There is now a plunge in the United States mortgage rates due to the rising economic impact caused by the coronavirus outbreak.
With this, Americans are applying for new mortgages as they take advantage of the cheaper interest rates. Global investors are starting to worry about China, urging them to secure safe-haven assets, the US Treasury Bonds for instance. According to Freddie Mac, as of March 5, the average 30-year mortgage hit an all-time low record of 3.29 percent, making it the lowest level since September. Also, the 15-year fixed-rate mortgage fell to 2.79 percent, while the 5/1 adjustable-rate mortgage fell to 3.18 percent.
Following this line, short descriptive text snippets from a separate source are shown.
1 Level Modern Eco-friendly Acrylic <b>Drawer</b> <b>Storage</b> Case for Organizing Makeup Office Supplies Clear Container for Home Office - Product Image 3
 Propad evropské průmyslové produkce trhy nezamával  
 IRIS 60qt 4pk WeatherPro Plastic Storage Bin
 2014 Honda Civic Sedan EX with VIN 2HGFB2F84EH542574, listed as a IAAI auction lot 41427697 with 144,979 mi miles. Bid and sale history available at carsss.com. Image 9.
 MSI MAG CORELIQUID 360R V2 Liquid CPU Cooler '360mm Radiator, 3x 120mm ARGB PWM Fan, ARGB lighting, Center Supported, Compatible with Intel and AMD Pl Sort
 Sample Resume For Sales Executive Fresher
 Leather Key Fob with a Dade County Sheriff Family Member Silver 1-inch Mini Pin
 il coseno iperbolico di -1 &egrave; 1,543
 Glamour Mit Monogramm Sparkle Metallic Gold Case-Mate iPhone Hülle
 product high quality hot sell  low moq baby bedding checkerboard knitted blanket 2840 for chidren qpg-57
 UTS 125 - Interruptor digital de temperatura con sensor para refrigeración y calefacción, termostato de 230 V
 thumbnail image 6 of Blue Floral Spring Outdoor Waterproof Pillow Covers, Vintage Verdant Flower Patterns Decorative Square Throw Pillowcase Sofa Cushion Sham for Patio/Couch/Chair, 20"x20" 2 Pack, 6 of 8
A survey conducted by the Mortgage Bankers Association revealed that the Market Composite Index, a measure of the volume of the mortgage loan application, grew 15.1 percent on a seasonally adjusted basis last week. The Index rose to 29 percent compared from a week earlier on an unadjusted basis. Refinancing application spiked 26 percent from last week, making it 224 percent higher compared last year.
CHINA AND THE MORTGAGE MARKET
Coronavirus is fueling market turmoil. The current situation goes to show that economic uncertainty in one part of the globe can spread rapidly and eventually affect consumers and investors.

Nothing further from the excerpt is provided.